**TASK ITEM**
Make an exact copy of the listing underneath, skipping each picture.

**DATASET CONTENT**

-----

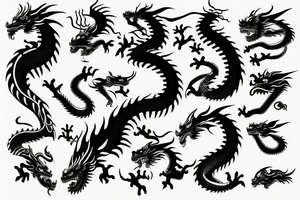 One 6 inches fierce chinese style face dragon tattoo idea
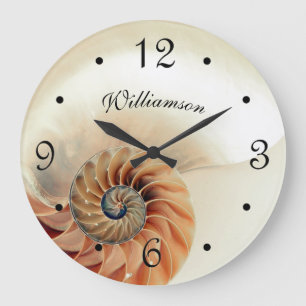 Elegante schelp beige familienaam kust  grote klok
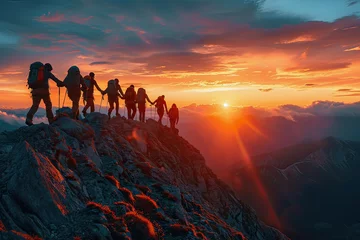 Peel and stick wall murals orange glow Hiking Group Surrounded by Mountain Scenery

-----

**RESPONSE BELOW**
 One 6 inches fierce chinese style face dragon tattoo idea
 Elegante schelp beige familienaam kust  grote klok
 Peel and stick wall murals orange glow Hiking Group Surrounded by Mountain Scenery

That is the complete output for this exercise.